Additionally, Wilhelmy made substantial contributions to the study of capillary action, although his work was unfinished at the time of his death. His research in this area was conducted in his home laboratory, which he established in both his Berlin residence and his summer villa in Heidelberg.

== Scientific work ==

Wilhelmy studied at Heidelberg, earning a doctorate in 1846. He worked as a Privatdozent from 1849 to 1854 before moving to Berlin.

Wilhelmy's work in chemical kinetics concerned the acid-catalyzed conversion of a sucrose solution into a 1:1 mixture of fructose and glucose, a reaction that he followed with a polarimeter. He wrote a differential equation to describe the reaction, integrated it, and used it to interpret his experimental results. Wilhelmy found that the reaction's rate was proportional to the concentrations of sucrose and of acid present. He also examined the influence of temperature on the reaction.

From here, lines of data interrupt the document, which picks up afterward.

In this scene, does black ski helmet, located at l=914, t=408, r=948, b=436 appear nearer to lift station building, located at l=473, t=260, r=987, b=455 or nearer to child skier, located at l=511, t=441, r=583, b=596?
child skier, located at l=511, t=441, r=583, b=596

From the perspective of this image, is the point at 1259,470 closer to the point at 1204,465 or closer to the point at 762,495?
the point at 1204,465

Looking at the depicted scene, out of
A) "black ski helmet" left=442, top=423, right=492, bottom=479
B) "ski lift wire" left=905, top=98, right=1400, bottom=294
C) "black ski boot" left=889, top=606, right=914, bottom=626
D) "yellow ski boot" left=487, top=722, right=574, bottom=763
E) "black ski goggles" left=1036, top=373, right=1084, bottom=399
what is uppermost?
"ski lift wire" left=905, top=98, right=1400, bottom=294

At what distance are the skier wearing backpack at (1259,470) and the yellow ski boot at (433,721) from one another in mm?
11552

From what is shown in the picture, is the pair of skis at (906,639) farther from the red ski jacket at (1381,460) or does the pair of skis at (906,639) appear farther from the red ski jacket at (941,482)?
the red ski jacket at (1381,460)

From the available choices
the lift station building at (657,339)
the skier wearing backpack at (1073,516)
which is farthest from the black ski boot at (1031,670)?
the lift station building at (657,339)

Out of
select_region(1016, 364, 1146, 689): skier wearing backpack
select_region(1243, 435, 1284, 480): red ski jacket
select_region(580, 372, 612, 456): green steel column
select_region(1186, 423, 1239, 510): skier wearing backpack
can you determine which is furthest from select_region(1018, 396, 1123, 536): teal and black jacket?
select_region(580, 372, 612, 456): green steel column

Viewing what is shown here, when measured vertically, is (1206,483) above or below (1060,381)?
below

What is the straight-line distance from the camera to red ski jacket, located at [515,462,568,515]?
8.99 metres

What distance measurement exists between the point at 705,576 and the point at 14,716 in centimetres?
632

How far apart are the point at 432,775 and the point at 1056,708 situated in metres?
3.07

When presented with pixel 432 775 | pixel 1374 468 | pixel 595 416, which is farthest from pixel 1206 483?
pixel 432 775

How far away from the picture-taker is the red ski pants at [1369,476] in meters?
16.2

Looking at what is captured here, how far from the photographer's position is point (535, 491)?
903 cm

According to Moore, Wilhelmy received little credit from his contemporaries for his early investigations in the field of chemical kinetics. It has been speculated that the strong physical-chemical orientation of Wilhelmy's work, the new method of polarimetry, and the fact that Wilhelmy was relatively unknown all led to this situation. Similar laboratory results were published by Jacobus Henricus van 't Hoff and Svante Arrhenius 30 years later, with a much greater impact.

Wilhelmy is also known for the Wilhelmy plate method for measuring surface tensions.